__Provided material__
Segment Open
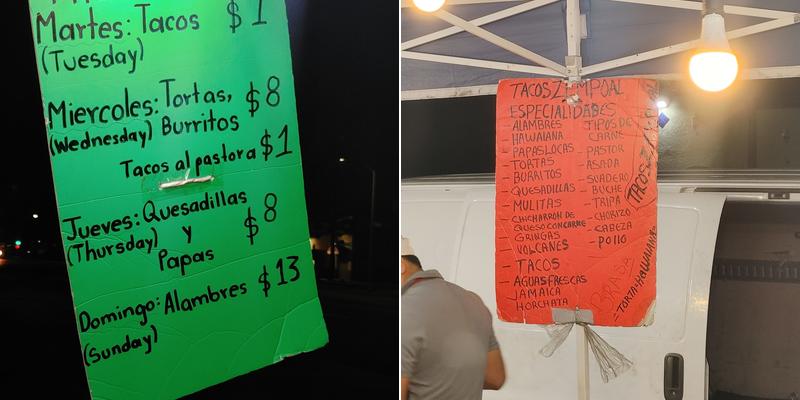 Tacos Zempoal Menu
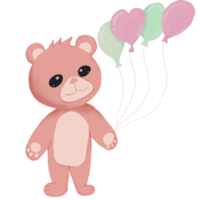 Watercolor of a bear standing and holding a balloon happy mood png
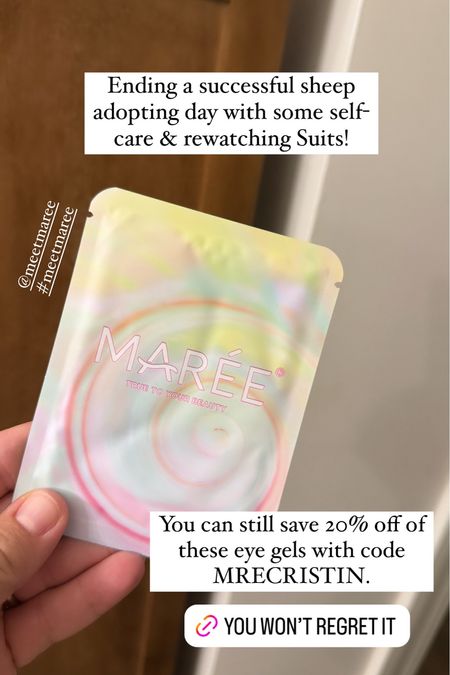 Maree eye gel patches for puffy eyes and dark circles 

20% off with code CRISTIN

#LTKFindsUnder50 #LTKBeauty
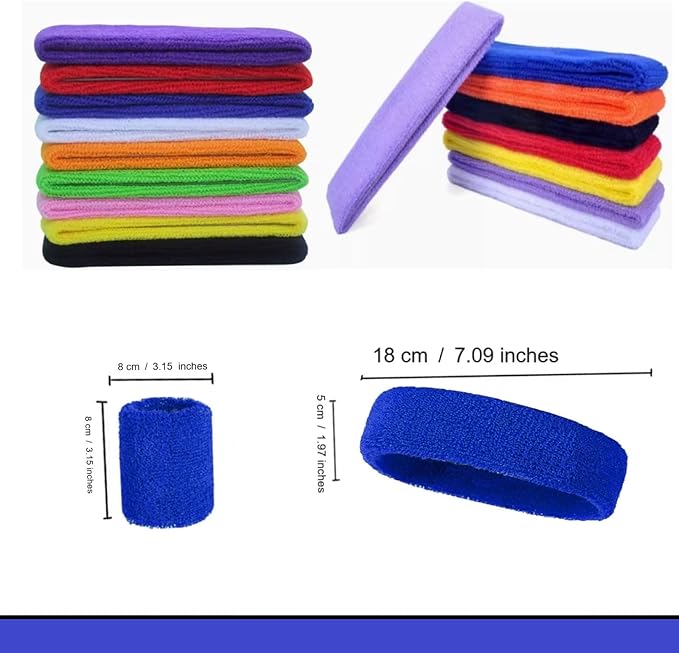 24 Pcs Neon Sweatbands Set Include 8 Pcs Sports Headband and 16 Pcs Cotton Wristbands 80s Neon Sweat Bands Bulk for Gym, Tennis, Basketball, Running, Exercise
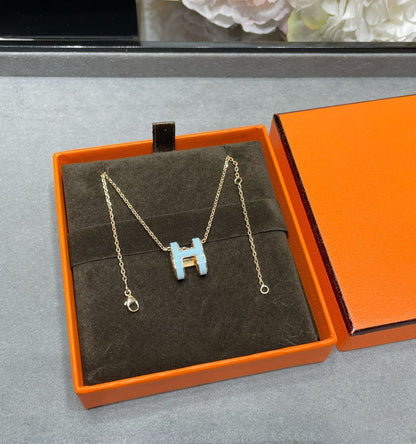 [Solara Jewelry]POP H SKY BLUE NECKLACE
Segment Closed
__What is expected__
Quote, word for word and nothing more, every line from the line with "24 Pcs Neon" to the end of the entries, including both ends; skip any pictures.

__Written solution__
 24 Pcs Neon Sweatbands Set Include 8 Pcs Sports Headband and 16 Pcs Cotton Wristbands 80s Neon Sweat Bands Bulk for Gym, Tennis, Basketball, Running, Exercise
 [Solara Jewelry]POP H SKY BLUE NECKLACE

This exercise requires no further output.